Today I went to see Roxanne Gay read several selections from her books Bad Feminist and An Untamed State at Florida Atlantic University. I enjoyed the readings from the novel very much and intend at some time in the near future to buy and read An Untamed State. The readings from Bad Feminist were compelling and yet light-hearted, playfully witty and yet with an implied gravitas.
I was most amused by her cavalier attitude towards the questions that followed her reading. The MFA students all asked about her writing process, which she was quick to answer dismissively. Another asked about her relation to Haiti, where her parents are from. I was simultaneously pleased and disappointed with her identification as a privileged person unable to speak about the realities there. True she can’t authentically speak as an envoy of some sort as it relates to the conditions of the major underclass there as her family are part of the elite, but this does not mean that she is unable to speak about such realities. Physical location of birth, a point which Gay referred to thrice in her identification as “Haitian-American”, and class do not themselves prevent people from speaking about others realities – otherwise there would be exceptionally prohibitive limits on various academic disciplines such as History, Political Science, Art, etc. They are, however, qualifiers that contextualize the discourse about speech acts made about the region/time.

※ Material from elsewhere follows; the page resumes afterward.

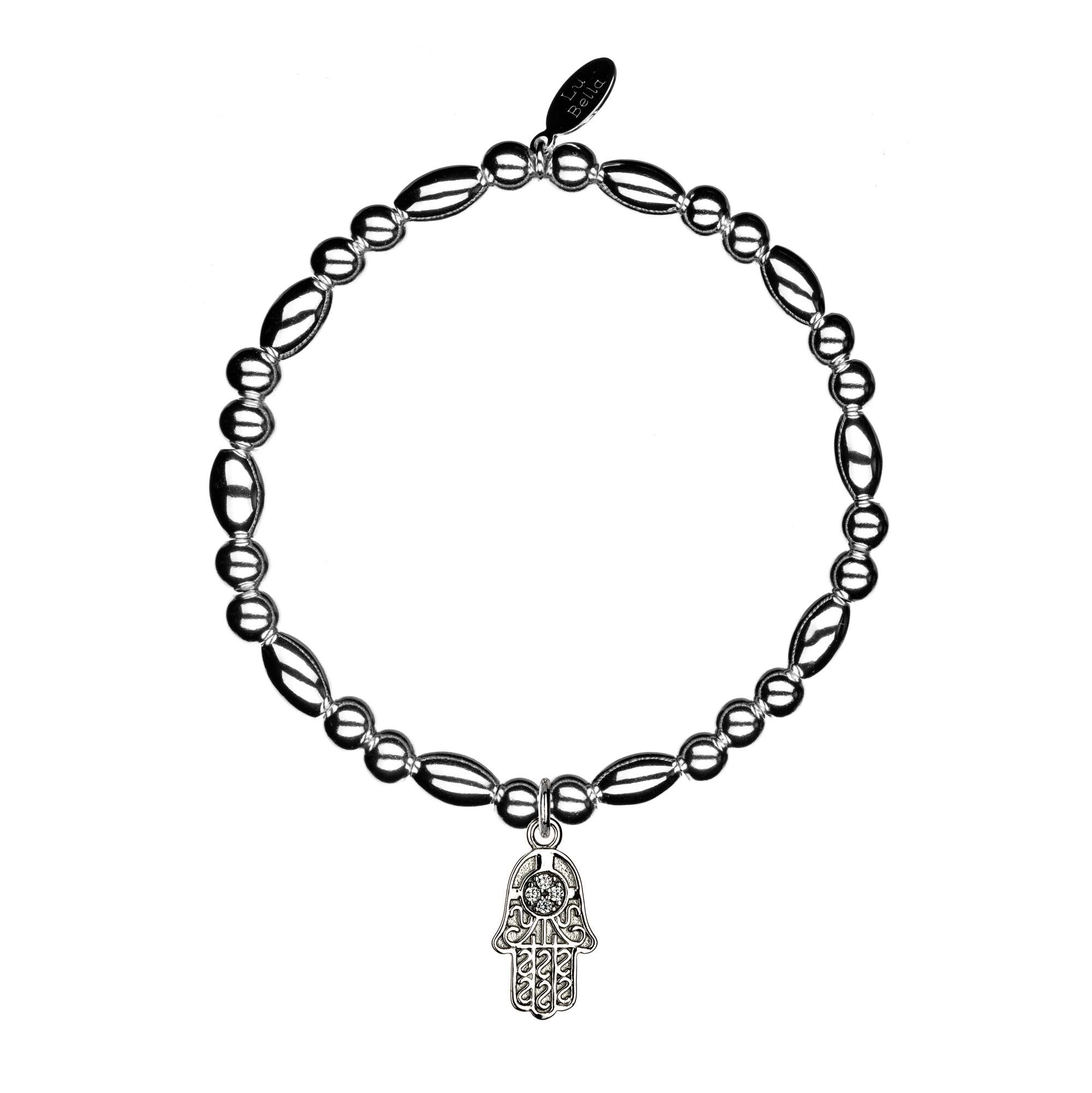 Braccialetto Hamsa Hand Evil Eye - Protettore ovale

With this in mind I think it would have been interested to discuss with Roxane about how it is that her novel An Untamed State came into being as Mireile, the novel’s protagonist, seems to be almost a stand in for her own fears from having visited the country repeatedly and being unable to hide from herself that her family was part of the ruling elite. From her reading and my subsequent perusal of articles detailing the plot of the novel, this makes the depiction of Haitians as a people of extreme violence take on an interesting valence. She is telling a story, yes, but perhaps projecting her own fears of location. Perhaps this is why she does not make the effort to learn about events there, it is “that which shall not be named”. At the time, however, I didn’t ask this. Instead I followed up on her comment that she liked the Ying Yang Twins by asking what other rap artists she liked – especially fitting as I was wearing my Run The Trap hat due to the frigid air outside. She said that she liked Common, Lil John and Usher and then proceeded to make multiple humorous comments about the narrative implausibility of Usher’s song “I Don’t Mind”.